NEW DELHI: Abrupt resignation of Madras High Court Chief Justice Vijaya K Tahilramani after the Supreme Court Collegium declined her request to reconsider her transfer to Meghalaya, has created a controversy in the legal fraternity though neither side refused to budge from their positions.
Tahilramani tendered her resignation to President Ram Nath Kovind and sent a copy of it to Chief Justice of India Ranjan Gogoi on Friday night. Prior to that, her appeal for cancelling her transfer to Shillong was already rejected by the Collegium headed by none other than the Chief Justice who hails from the Northeast.
Reacting to her resignation, senior Supreme Court lawyer Prashant Bhushan tweeted: “Shameful that the SC Collegium decided to transfer CJ Tahilramani (one of the senior most judges in India) of Chennai HC to the smallest court Meghalaya.
According to one report in the judiciary, the decision to transfer her was taken by the
Collegium based on the feedback received from Madras High Court. But curiously, maximum protest was received from that high court against her transfer.
Justice Tahilramani had made her decision to resign public on the night of September 6, during a dinner hosted by six Madras HC judges who had been made permanent recently.
“Thanking the judges for their cooperation ever since she took over as the Chief Justice on August 12 last year, Justice Tahilramani told them that she had discharged her duty without any fear or favour right from the time she assumed office as a judge of the Bombay High Court in June 2001,” one report said.
Lawyers practicing in the Madras HC had written a letter to the Supreme Court stating that “these kind of arbitrary transfers whittle away the independence of the judiciary and the confidence of judges.”
They had requested the Collegium to reconsider the transfer and “ensure that the confidence of the Bar and the Bench and the litigant public did not get eroded further.”

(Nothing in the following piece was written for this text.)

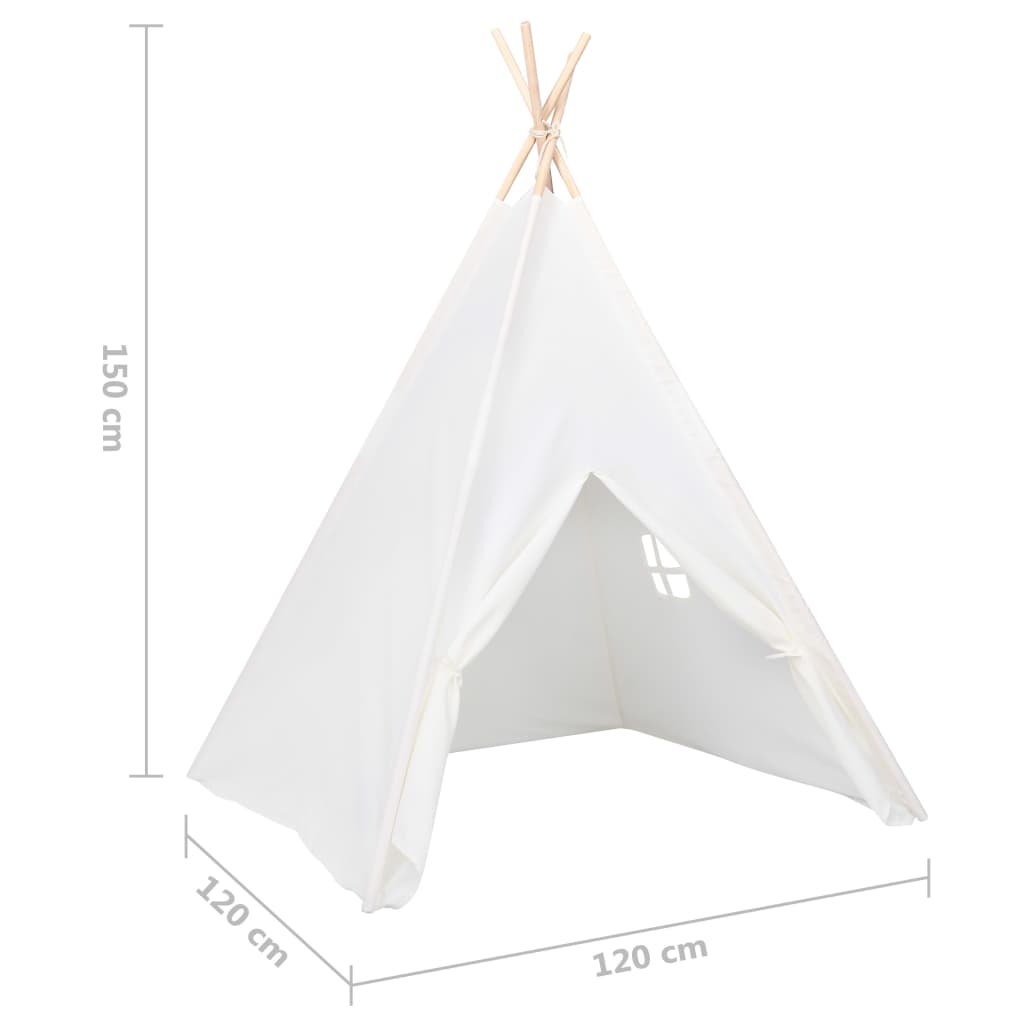 Tenda teepee per bambini con borsa in pelle pesca 120 x 120 x 150 cm bianca 02_0005205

“To now transfer her to one of the smallest High Courts is nothing short of a punishment and a
humiliation. It cannot be justified on the principle of administrative interests, which is an
expression that can be used in every case. It is ironical that a person of her seniority is being
assigned to the smallest High Court. Any transfer should meet with an element of fairness but it is noticed, of late, that there appears to be no norms in the matter of transfer of judges,” the memorandum read.
Tahilramani, one of the senior-most judges in India, has overseen various important cases, such as the Bilkis Bano gang-rape case during the 2002 Gujarat communal violence, in which she upheld life imprisonment of 11 convicts in 2017.